● Scraped caption text data
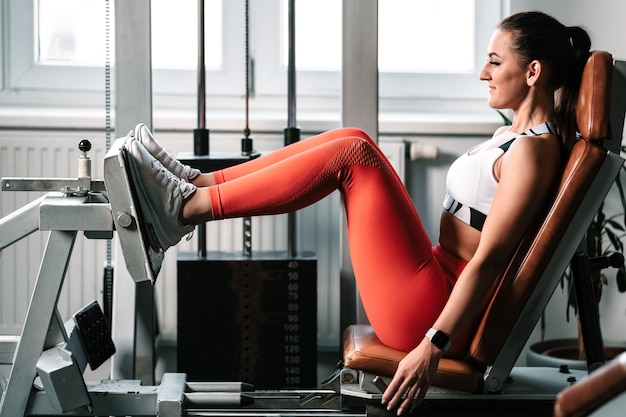 Ejercitar las piernas en la máquina en el gimnasio, instructora de fitness femenino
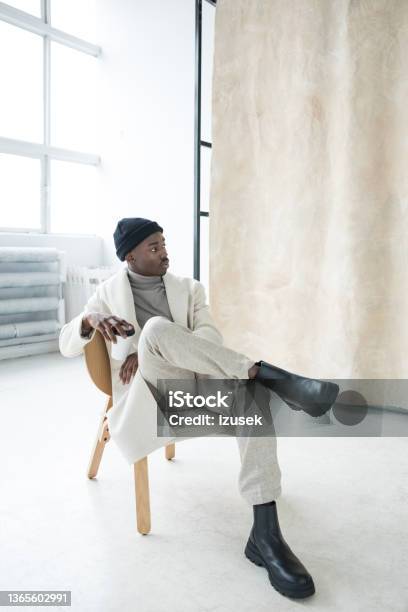 Elegant Young Man Wearing White Winter Coat Stock Photo - Download Image Now - Fashion, Men, Fashion Model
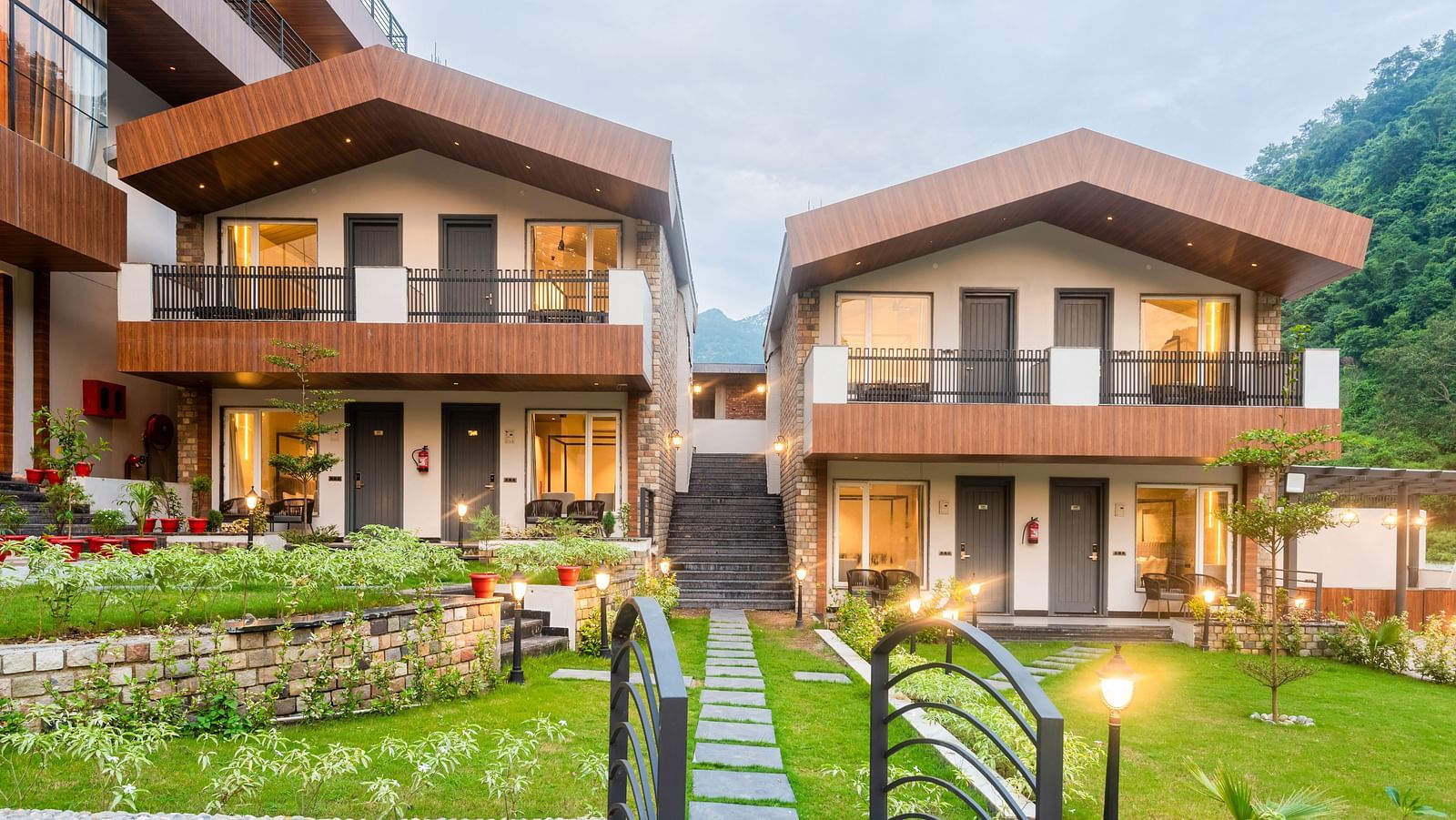 Facade of DLS Divine River Resort and Spa surrounded by lush green gardens and lamp posts.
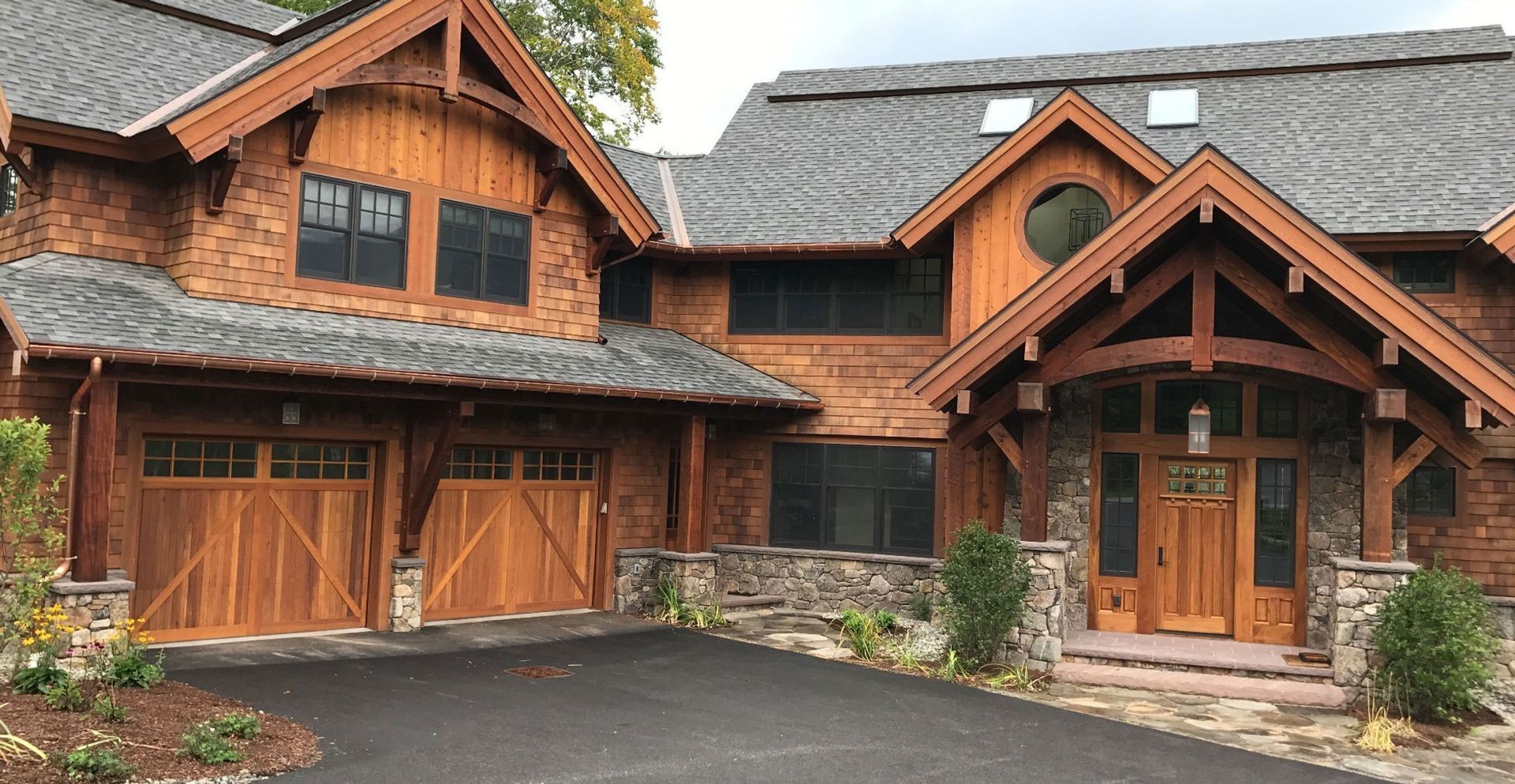 A large wooden house with a driveway in front of it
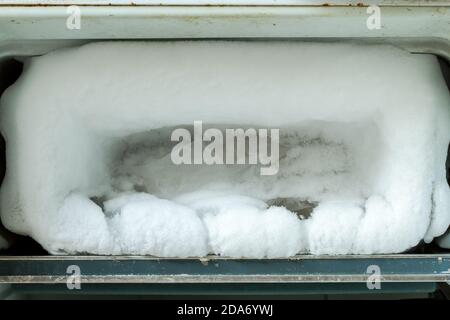 An Old Freezer Full Of Ice Stock Photo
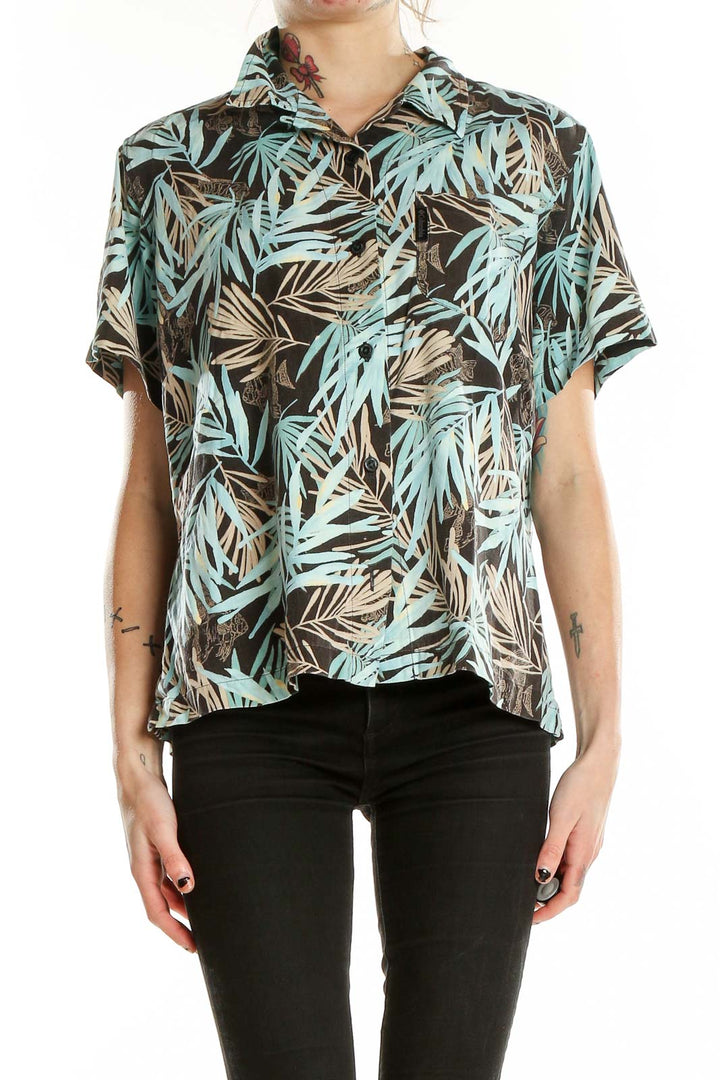 Front view of Columbia teal tropical print short-sleeve button-up shirt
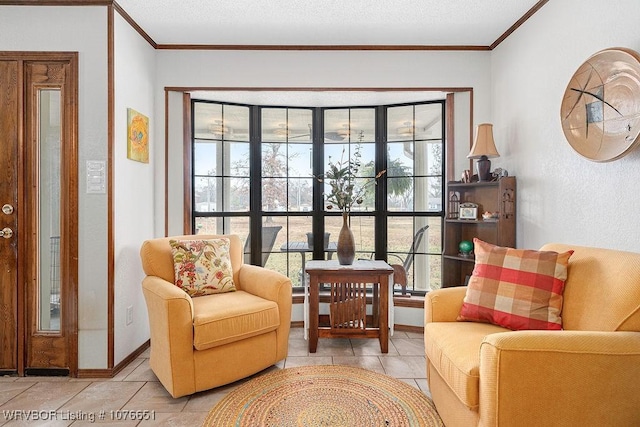 sitting room with crown molding and light tile patterned flooring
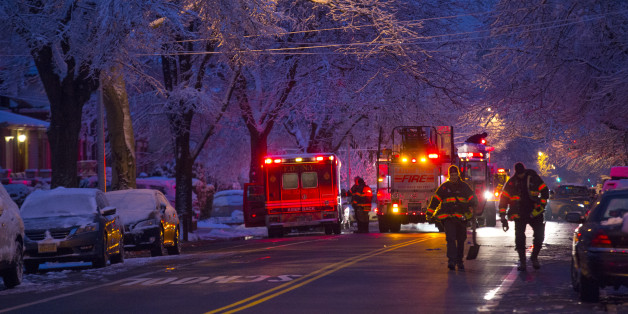 Firefighters walk near the scene of a fire, center left, in which seven children died in the Brooklyn borough of New York Saturday, March 21, 2015. (AP Photo/Craig Ruttle)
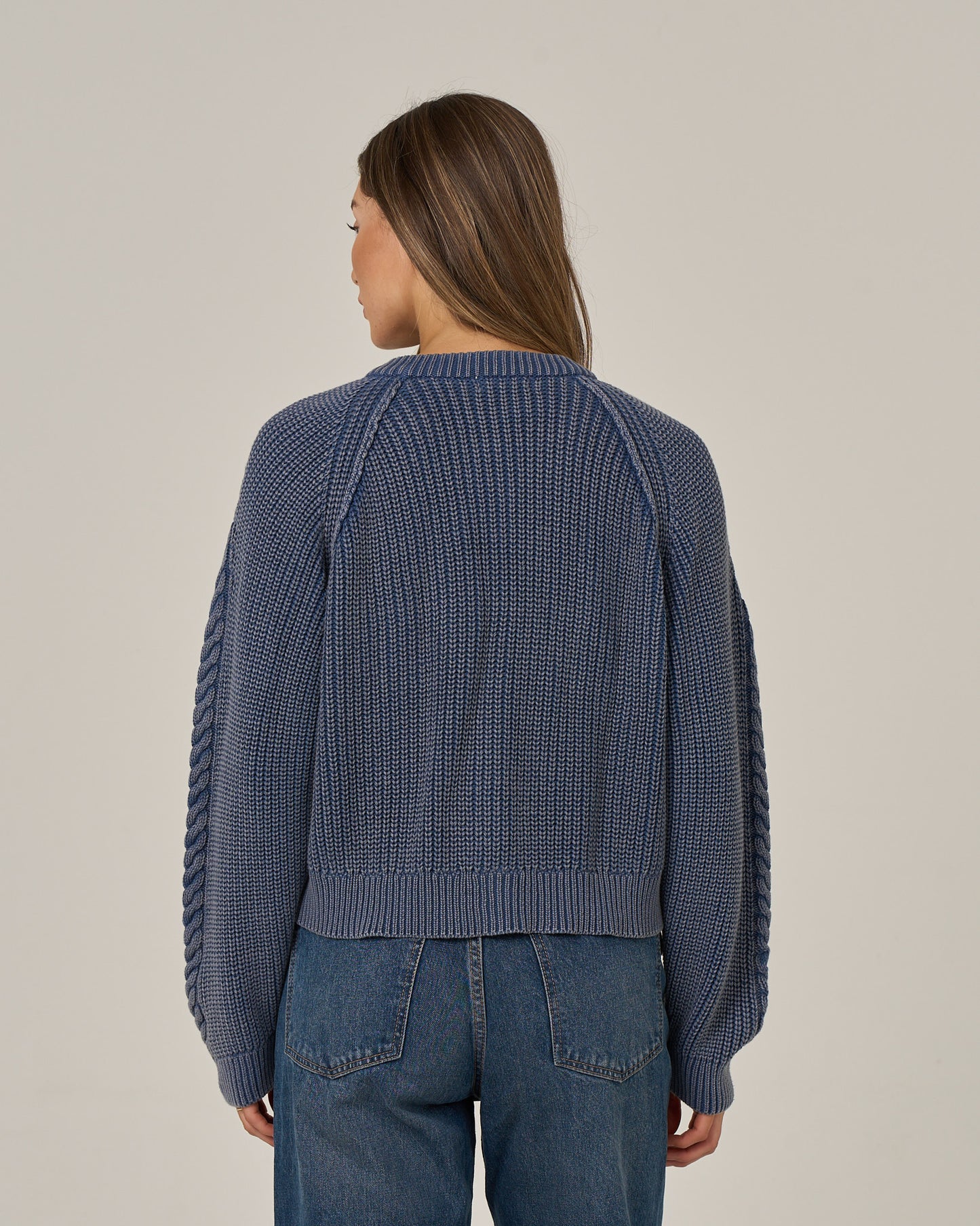 A woman with long brown hair is standing facing away, wearing the Salty Crew Fisherman Cardigan - Flint and vintage wash blue jeans, against a plain light background.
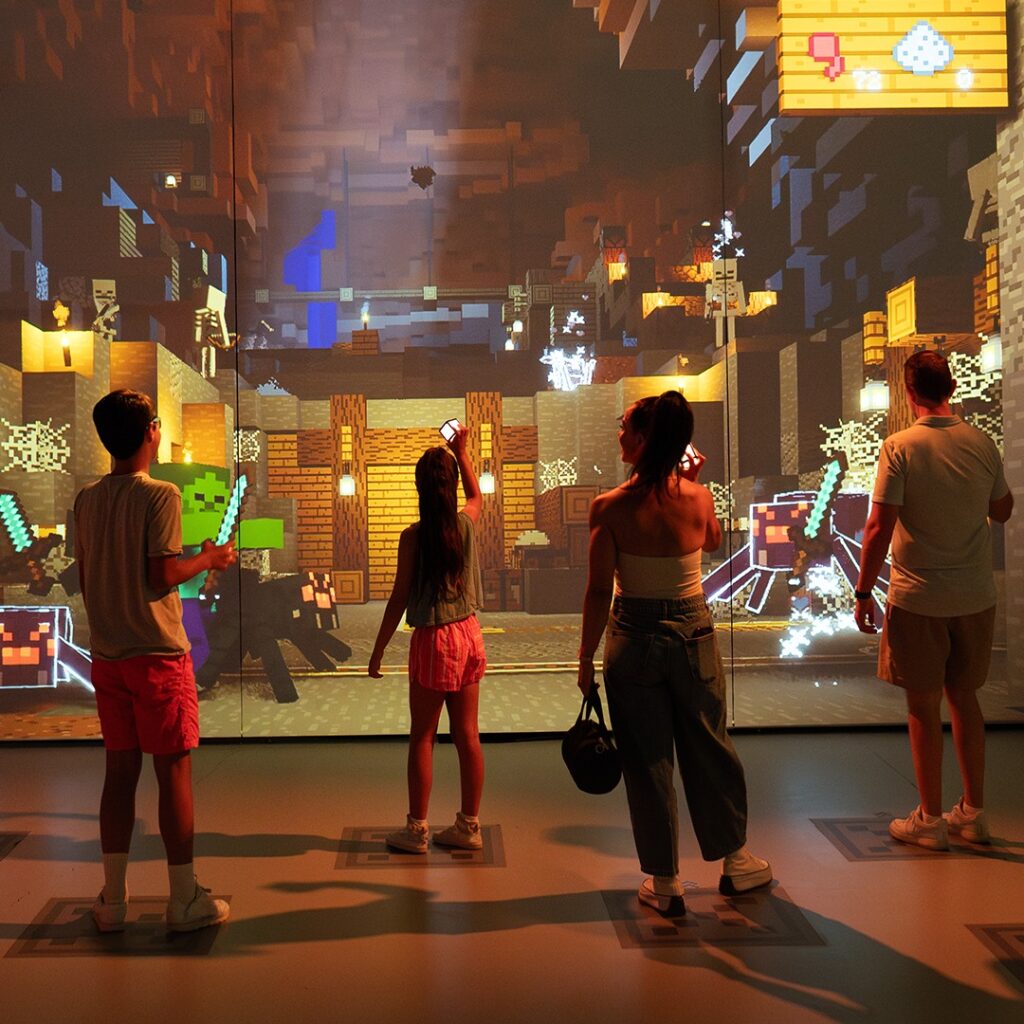 Adultos y niños jugando en experiencia inmersiva de Minecraft.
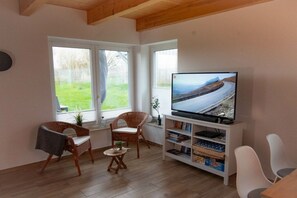 Una sala de estar con televisión, dos sillones de mimbre, una mesita y una estantería.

● What is required
Without the pictures, give again exactly the lines above starting at the line containing "Facade of DLS" and ending at the line containing "sitting room with".

● Reply to the exercise
 Facade of DLS Divine River Resort and Spa surrounded by lush green gardens and lamp posts.
 A large wooden house with a driveway in front of it
 An Old Freezer Full Of Ice Stock Photo
 Front view of Columbia teal tropical print short-sleeve button-up shirt
 sitting room with crown molding and light tile patterned flooring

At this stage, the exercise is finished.